From: Hannes Frederic Sowa <hannes@stressinduktion•org>
To: Eric Dumazet <eric.dumazet@gmail•com>
Cc: davem@davemloft•net, netdev@vger•kernel.org,
sasha.levin@oracle•com, daniel@iogearbox•net,
alexei.starovoitov@gmail•com, mkubecek@suse•cz
Subject: Re: [PATCH net 4/4] tcp: various missing rcu_read_lock around __sk_dst_get
Date: Fri, 1 Apr 2016 02:21:34 +0200 [thread overview]
Message-ID: <56FDBF0E.8020309@stressinduktion.org> (raw)
In-Reply-To: <1459469572.6473.239.camel@edumazet-glaptop3.roam.corp.google.com>
On 01.04.2016 02:12, Eric Dumazet wrote:
> On Fri, 2016-04-01 at 02:01 +0200, Hannes Frederic Sowa wrote:
>> Hi Eric,
>>
>> On 01.04.2016 01:39, Eric Dumazet wrote:
>>> On Fri, 2016-04-01 at 01:29 +0200, Hannes Frederic Sowa wrote:
>>>> Various fixes which were discovered by this changeset. More probably
>>>> to come...
>>>
>>>
>>> Really ?
>>>
>>> Again, TCP stack locks the socket most of the time.
>>>
>>> The fact that lockdep does not understand this is not a reason to add
>>> this overhead.
>>
>> I don't see how lockdep does not understand this? I think I added the
>> appropriate helper to exactly verify if we have the socket lock with
>> lockdep, please have a look at lockdep_sock_is_held in patch #2.
>>
>> Some of the patches also just reorder the rcu_read_lock, which is anyway
>> mostly free.
>
> I strongly disagree. Adding rcu_read_lock() everywhere as you did gives
> a sense of 'security' by merely shutting down maybe good signals.

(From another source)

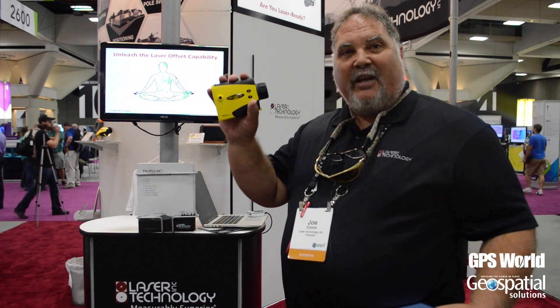One of the problems we have is iOS is a proprietary Bluetooth, and so our legacy lasers like this TruPulse 360B won't talk to an iOS device.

I did those patches by adding the first patches and running tcp tests,
so I have splats for every single one of those. I just didn't bother
them into the changelog. I certainly can do so.
> Your changelog explains nothing, and your patch makes absolutely no
> sense to me.
>
> Lets take following example :
>
> struct dst_entry *__sk_dst_check(struct sock *sk, u32 cookie)
> {
> - struct dst_entry *dst = __sk_dst_get(sk);
> + struct dst_entry *dst;
>
> + rcu_read_lock();
> + dst = __sk_dst_get(sk);
> if (dst && dst->obsolete && dst->ops->check(dst, cookie) == NULL) {
> sk_tx_queue_clear(sk);
> RCU_INIT_POINTER(sk->sk_dst_cache, NULL);
> dst_release(dst);
> - return NULL;
> + dst = NULL;
> }
> + rcu_read_unlock();
>
> return dst;
> }
>
>
> Since this function does not take a reference on the dst, how could it
> be safe ?
This is stupid by me, I am sorry, thanks for pointing this out. I will
fix this. Just looking too long at all those lockdep reports.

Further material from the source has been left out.